Every shaky breath of Sherlock’s releases a small whimper, and every small whimper tears on the rip in John’s tremendously distraught heart. Nothing would make John happier than to assuage Sherlock’s pain, nothing in the world. “John,” Sherlock says, his voice absolutely wrecked, weak and soft and wavering. “I’m telling you this in confidence.”

“Of course, of course, please, go on.” John never imagined that he would need this as much as Sherlock.

Sherlock takes a deep breath that he sputters out with coughs in the second after. “I’m starting to believe that you may be right.”

John says nothing, just waits for Sherlock to continue.

“I cared, John,” says Sherlock, having raised his voice to a frustrated shout and still waving his arms about. He squeezes his eyes shit and rubs at them, all while trying to inhale steadily against the pull of his insistent sobbing. “I cared- this is what you want to hear, isn’t it, John? Well here, I cared, I cared so, so much and I loved him, John. I loved him so much and I want to shoot myself for not realizing it sooner.” Sherlock doesn’t look at John but at the ceiling, almost as if he’s screaming at it personally. Slowly, his eyes find their way to John’s and they’re so terribly sad, so filled with raw emotion and regret, that for the millionth time that night, John feels his heart break right in two.
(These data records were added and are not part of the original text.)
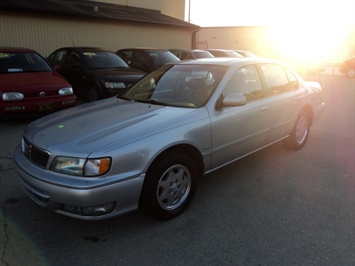 1999 INFINITI I30 Limited   - Photo 3 - Cincinnati, OH 45255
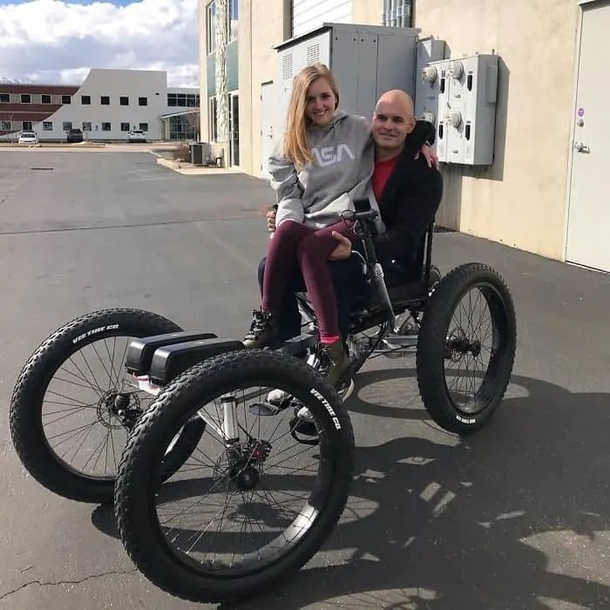 Man creates a fully electric off-road wheelchair so his wife can explore the outdoors like never before - picture 2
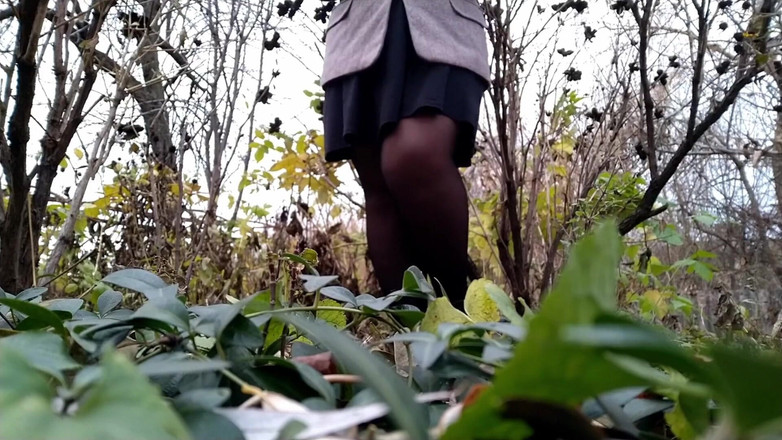 OurFetishLife: Zralá MILFka v punčochách čůrá při podřepu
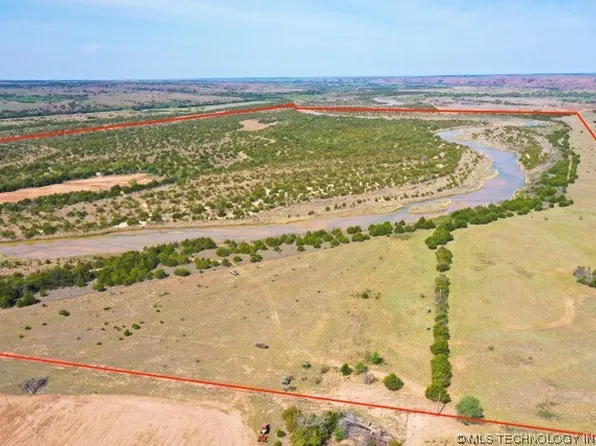 N 2050th Rd, Leedey, OK 73654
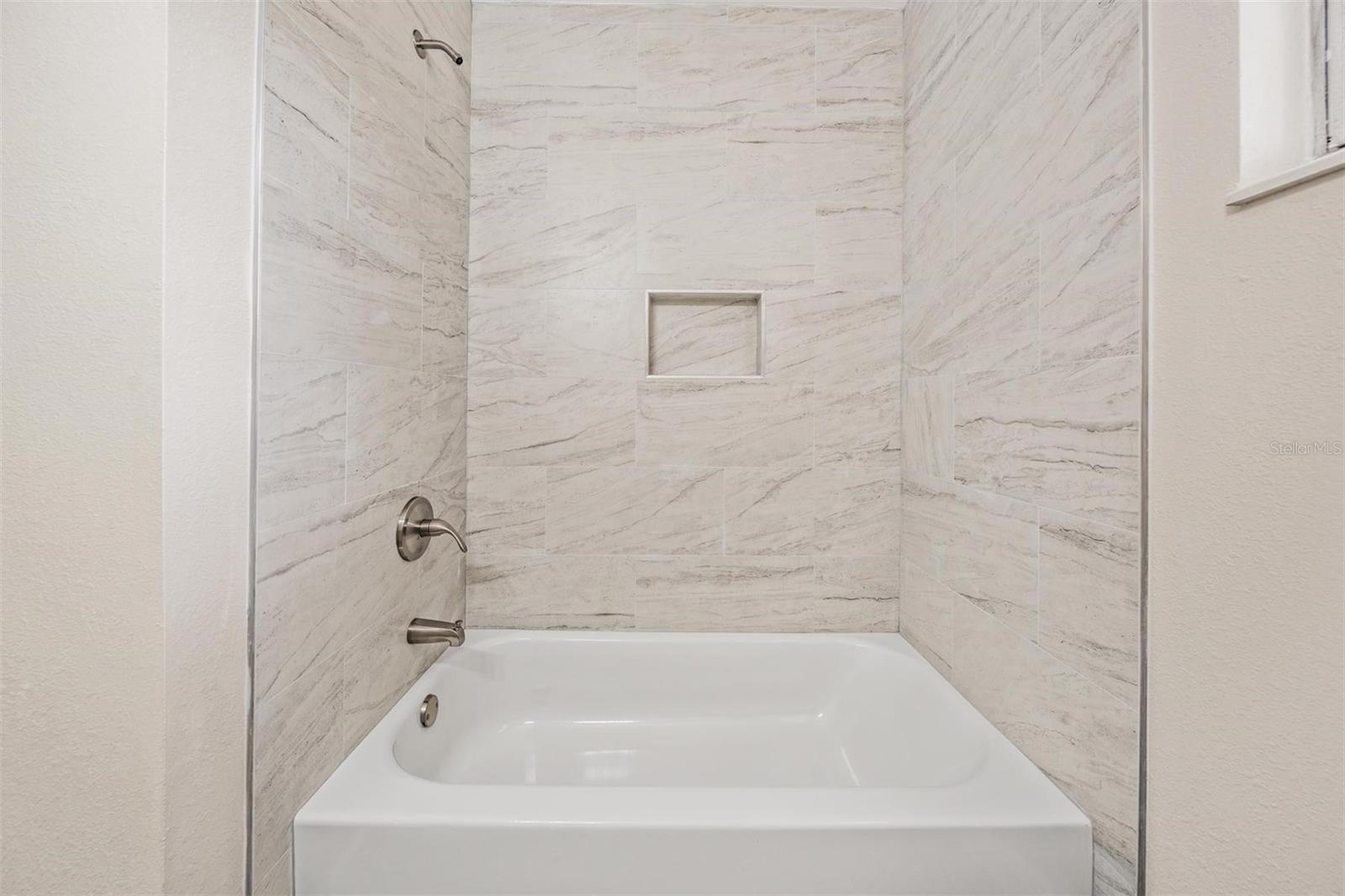 GULF SHORES 3RD ADD REP - Residential Income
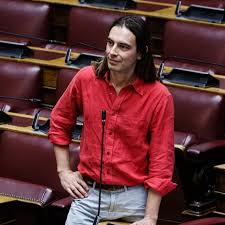 Η.ανατρεπτική πρότασή του για τη θέση του προέδρου της δημοκρατίας. Aristos Do3iadhs Kai Sta8hs Kalybas Trolaroyn Agria Ton Kritwna Arsenh Ellada Eidhseis
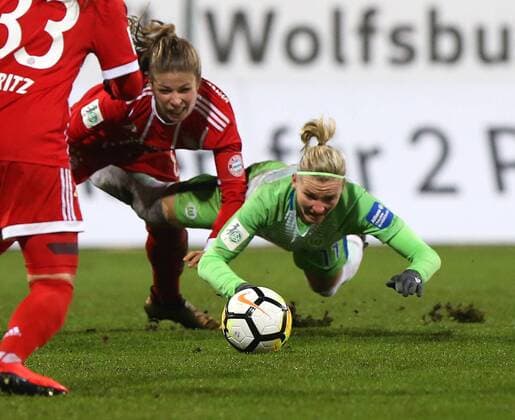 VfL vs Bayern Women Wolfsburg 11 12 2017 FOOTBALL VfL Wolfsburg vs FC Bayern Munich 1 Allianz Women Bundesliga Season 2017 18 Picture shows Alexandra Popp VfL Wolfsburg Wolfsburg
He brings a hand to Sherlock’s forehead and runs his fingers across it and down Sherlock’s wet, though smooth cheek.

Ever so tentatively, John lowers his head to Sherlock’s and presses his lips to Sherlock’s forehead, just barely grazing the soft, trembling skin. With the lips, the sensation of Sherlock’s skin is amplified a hundredfold. Sherlock exhales loudly under John, and every crease born of his stress is so apparent under John’s lips, so strikingly there and worrisome. The hand he has on Sherlock’s shoulder tightens, and Sherlock lays his own hand over it.
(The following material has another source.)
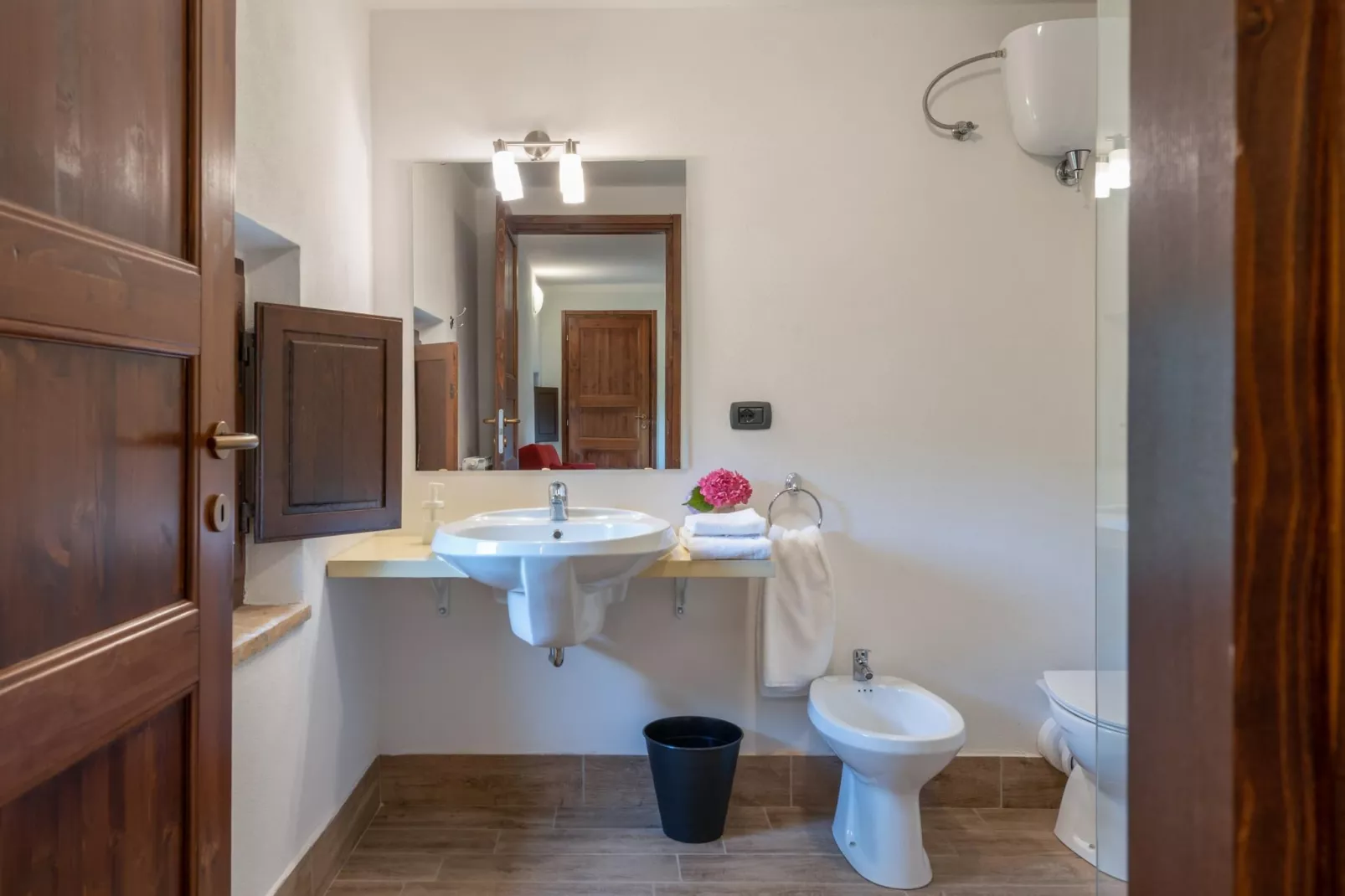 GH Borgo Pulciano in Montone - BEV2B / A2 / 2 Raum App Classic - 3 pax-Bathroom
As John rises again, he mutters to Sherlock, “Sit up?” And Sherlock does just that, so John can then collect Sherlock in his arms and squeeze Sherlock’s thin frame with every ounce of strength he can muster. Sherlock’s weight, while not much, is significant against John’s chest, and John decides easily that he wouldn’t have it any other way. It’s better now, he thinks. Not good, but better.